The dust-up highlights the pressures faced by both brands and retailers as they struggle to adapt to the rise of online buying. Brands are looking to boost sales online while still controlling the price and selection available. Traditional retailers are more aggressively facing off with Amazon, ensnaring brands. For Walmart, the outdoor-store challenges foreshadows the balancing act ahead as it tries to maintain its reputation for low prices while attracting more premium brands that want to keep prices high.
Walmart wooed brands for months, including Katadyn, often by offering the small firms the ability to manage how outside sellers on walmart.com display and price the firm’s products, said some of the firms. Mr. Hostetter said that was an appealing offer after years of competing on Amazon with outside sellers that were willing to slash prices on branded products.
The negative reaction from retailers reflects the pressures facing the outdoor gear industry but is shortsighted, according to Mr. Comerford. Consumers already expect products to be widely available, he said, so limiting how and which consumer can buy products is “just not going to work long-term.”
Some brands agreed to be named in Walmart’s news release announcing the new concept, others wanted to be more subtle, he said. In hindsight, for those that didn’t want to be named, “we might have looked to say, lets downplay them a little bit more on the site itself,” Mr. Comerford said.

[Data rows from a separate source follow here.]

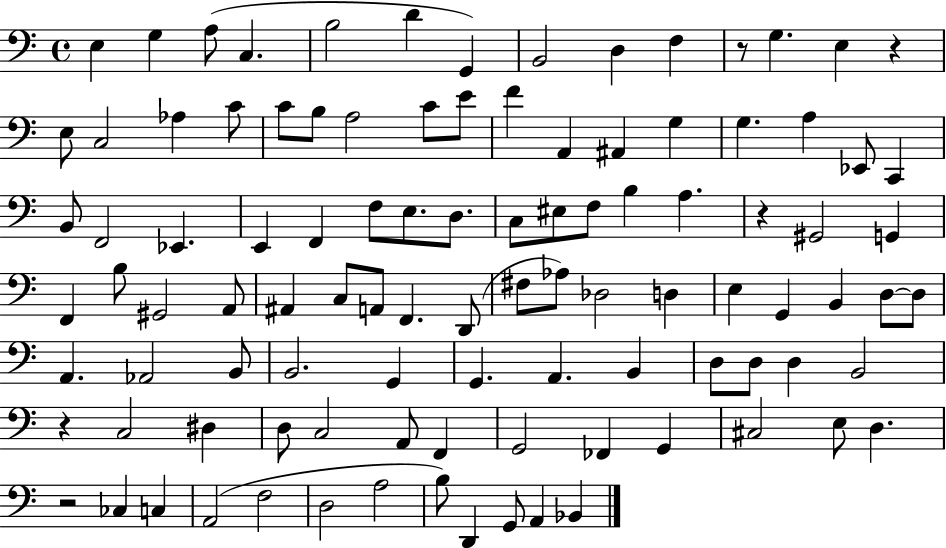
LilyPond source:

{
  \clef bass
  \time 4/4
  \defaultTimeSignature
  \key c \major
  e4 g4 a8( c4. | b2 d'4 g,4) | b,2 d4 f4 | r8 g4. e4 r4 | \break e8 c2 aes4 c'8 | c'8 b8 a2 c'8 e'8 | f'4 a,4 ais,4 g4 | g4. a4 ees,8 c,4 | \break b,8 f,2 ees,4. | e,4 f,4 f8 e8. d8. | c8 eis8 f8 b4 a4. | r4 gis,2 g,4 | \break f,4 b8 gis,2 a,8 | ais,4 c8 a,8 f,4. d,8( | fis8 aes8) des2 d4 | e4 g,4 b,4 d8~~ d8 | \break a,4. aes,2 b,8 | b,2. g,4 | g,4. a,4. b,4 | d8 d8 d4 b,2 | \break r4 c2 dis4 | d8 c2 a,8 f,4 | g,2 fes,4 g,4 | cis2 e8 d4. | \break r2 ces4 c4 | a,2( f2 | d2 a2 | b8) d,4 g,8 a,4 bes,4 | \break \bar "|."
}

Walmart executives have said that bringing a wider spectrum of brands onto Walmart.com is a key part of the Bentonville, Ark., company’s strategy to boost online margins and sales. Walmart bought Moosejaw, an outdoor retailer based in Madison Heights, Mich., for $51 million last year, part of a string of acquisitions of small online sellers of high-end products. It also has redesigned its website with a more high-end feel.
After Walmart put its premium outdoor store online last week, the Grassroots Outdoor Alliance, an organization of 70 small U.S. outdoor retailers that share data and advocate for the industry, recommended that its members put all orders on hold from brands involved, said Rich Hill, the group’s president. The group’s members are wary of navigating falling product prices on another online marketplace after their experience with Amazon, he said.

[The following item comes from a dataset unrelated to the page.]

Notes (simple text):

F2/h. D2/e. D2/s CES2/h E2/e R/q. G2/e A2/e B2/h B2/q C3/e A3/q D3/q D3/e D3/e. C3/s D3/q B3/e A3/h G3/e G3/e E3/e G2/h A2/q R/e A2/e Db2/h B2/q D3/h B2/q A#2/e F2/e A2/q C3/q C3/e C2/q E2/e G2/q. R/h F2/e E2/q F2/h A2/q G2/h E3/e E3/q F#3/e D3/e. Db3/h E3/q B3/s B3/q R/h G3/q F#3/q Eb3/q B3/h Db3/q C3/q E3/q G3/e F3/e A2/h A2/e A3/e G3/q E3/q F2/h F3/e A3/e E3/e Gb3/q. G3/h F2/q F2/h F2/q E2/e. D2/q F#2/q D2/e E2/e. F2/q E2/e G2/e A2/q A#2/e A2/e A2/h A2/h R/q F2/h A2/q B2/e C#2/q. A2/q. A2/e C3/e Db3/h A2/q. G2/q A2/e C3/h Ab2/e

“I think a lot of these retailers feel they have suffered as a result of Amazon moving into the space,” said Larry Pluimer, chief executive of Indigitous, a firm that represents brands selling on Amazon and a former manager of the outdoor-product category for Amazon. “To have another giant like Walmart move in is maybe the straw that breaks the camel’s back.”

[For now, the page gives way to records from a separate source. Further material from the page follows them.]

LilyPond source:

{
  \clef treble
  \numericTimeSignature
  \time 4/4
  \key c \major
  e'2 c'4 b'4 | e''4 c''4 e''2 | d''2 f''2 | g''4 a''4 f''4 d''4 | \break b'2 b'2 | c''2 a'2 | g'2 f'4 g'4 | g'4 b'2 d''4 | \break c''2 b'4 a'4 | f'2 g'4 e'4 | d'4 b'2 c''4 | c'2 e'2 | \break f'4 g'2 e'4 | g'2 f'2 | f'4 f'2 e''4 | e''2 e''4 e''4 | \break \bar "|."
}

Wes Allen, co-owner of Sunlight Sports, an outdoor-gear store in Cody, Wyo., said he emailed executives at brands listed on Walmart.com, including Black Diamond, to say his store would stop ordering their products. “Associating your premium brand with Walmart makes it not premium anymore,” Mr. Allen said.
That is “dated thinking,” said Mr. Comerford, because shoppers from all demographics shop on Walmart.com.
Black Diamond said in a news release last week that it sent a cease-and-desist letter to Walmart demanding pictures of Black Diamond products and its logo be taken off Walmart.com. “We did not see or approve the statement which Walmart released [Aug. 27] and have never sold to Walmart,” said Black Diamond’s president John Walbrecht in a statement.
“We would never activate a brand without their permission,” said a Walmart spokeswoman.